Ensure that type implements interface
suggest changeIn Go interfaces are satisfied implicitly. You don’t have to declare that a type is meant to implement a given interface.
It’s convenient but also makes it possible to not fully implement an interface by mistake and compiler has no way of detecting that.
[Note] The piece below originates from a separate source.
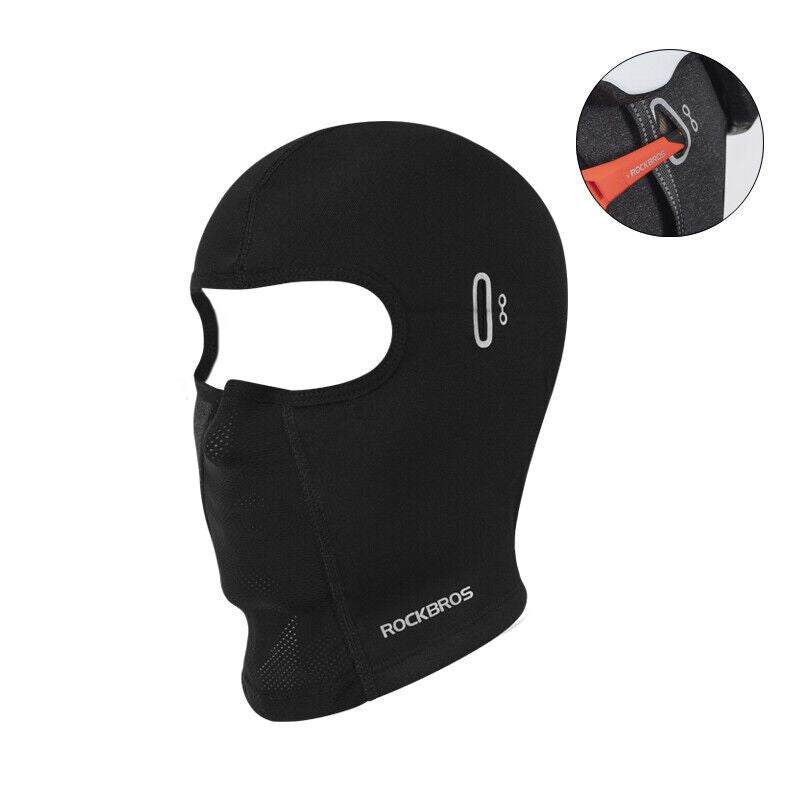 Rockbros bicycle fekete balaclava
There’s a way to a compile-type check for that:
type MyReadCloser struct {
}
func (rc *MyReadCloser) Read(d []byte) (int, error) {
return 0, nil
}
var _ io.ReadCloser = &MyReadCloser{}
# test
./main.go:15:5: cannot use &MyReadCloser literal (type *MyReadCloser) as type io.ReadCloser in assignment:
*MyReadCloser does not implement io.ReadCloser (missing Close method)
exit status 2
Our intent was for MyReadCloser
to implement io.ReadCloser
interface.
However, we forgot to implement Close
method.
This line caught this problem at compile time:
var _ io.ReadCloser = &MyReadCloser{}
We tried to assign *MyReadCloser
type to variable of type io.ReadCloser
.
Since *MyReadCloser
doesn’t implement Close
method, the compiler detected this is an invalid assignement at compile time.
We assigned the value to blank identifier _
because we don’t actually use that variable for anything.